No, I Will Not Pay for Your Nuclear Plant
Did you know AmerenUE isn’t allowed to raise its rates to finance future construction projects? More specifically, if a customer is not gaining utility from a project that is currently in the works, Ameren is not allowed to raise that customer’s rates to pay for the construction work in progress (CWIP). Seems like a fair law to me. I don’t want to have to pay for something I’m not using, and, more importantly, something I don’t necessarily want. And, yet, that is what Ameren is trying to do in Callaway County.
Callaway County is the home to one Ameren nuclear plant, and could possibly be the home of a second. If Ameren gets its way, the current law that prohibiting it from charging for CWIPs would be repealed, and current customers would have to finance the second Callaway County nuclear plant. Already, Ameren is trying to pass the $46 million filing fee price tag onto customers. That’s right: $46 million. For a filing fee.

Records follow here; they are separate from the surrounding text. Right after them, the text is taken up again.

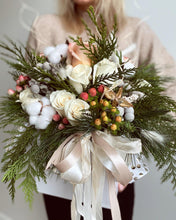 Load image into Gallery viewer, Special winter flower box
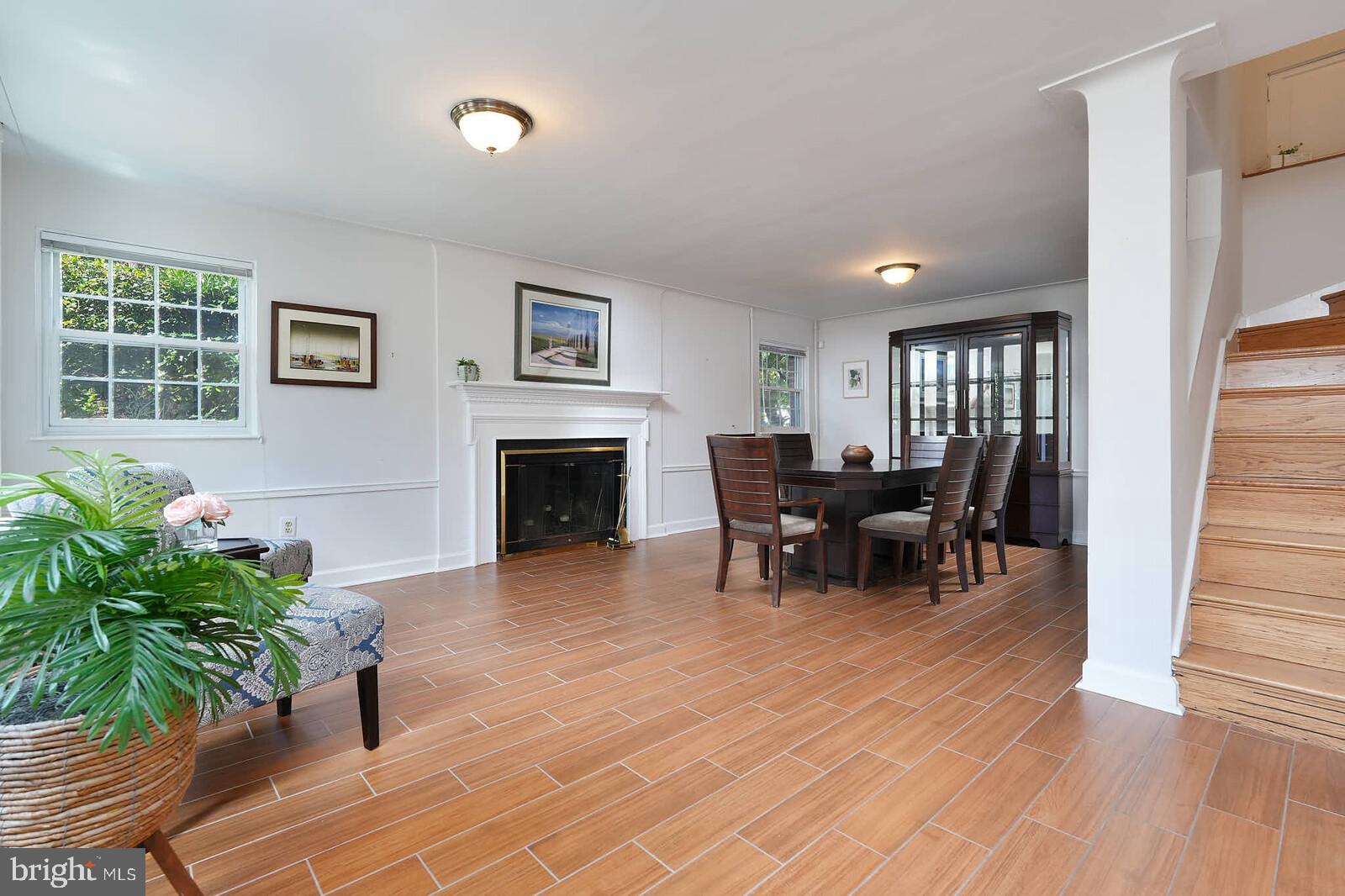 Real estate listing preview #9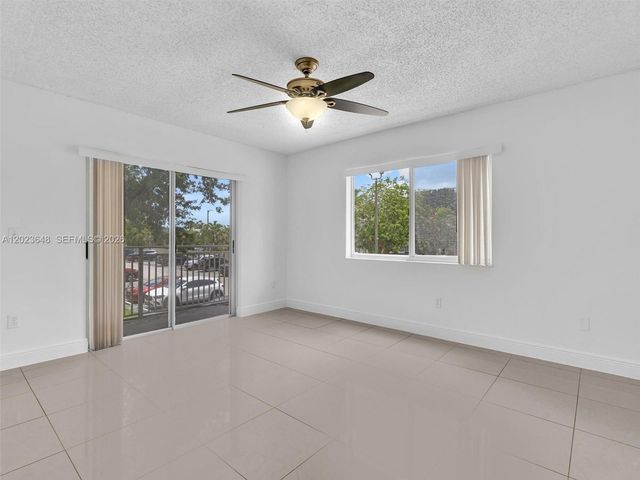 18850 NW 57th Ave 208, Hialeah, FL 33015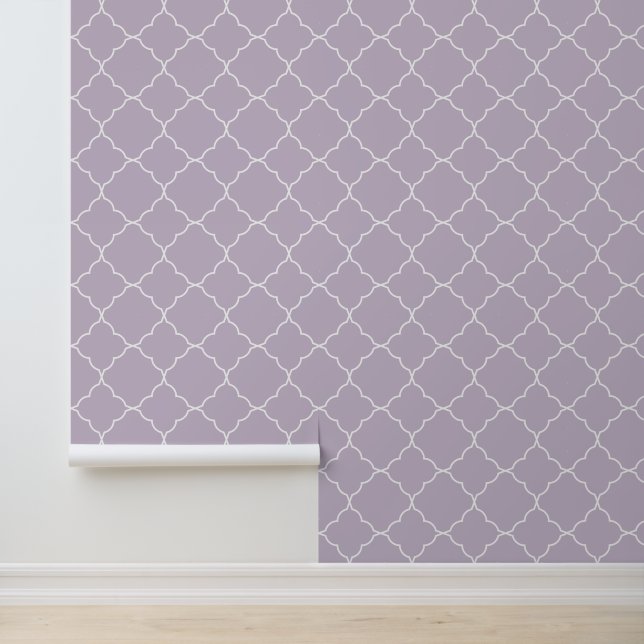 Modern Trendy Light Purple Quatrefoil Wallpaper (Application)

Now, this isn’t the first time these shenanigans have popped up. Ameren tried to get rid of this law back in ’82, but was unsuccessful. Isn’t this the type of law that keeps Ameren a nice, friendly monopoly rather than the scary, bags-o-money, monocle-wearing Mr. Monopoly?
Ameren claims that unless it is allowed to charge customers for construction as it goes, it will not be able to afford the plant and meet the demand for electricity.
What really bugs me is this: If Ameren is claiming it will have to charge us for plants not even in operation, how is it going to finance 15-percent renewable energy by 2021 if Proposition C passes? Perhaps in this current volatile economy, a multibillion dollar nuclear plant — or, for that matter, a massive renewable energy standard — isn’t in the state’s best interest.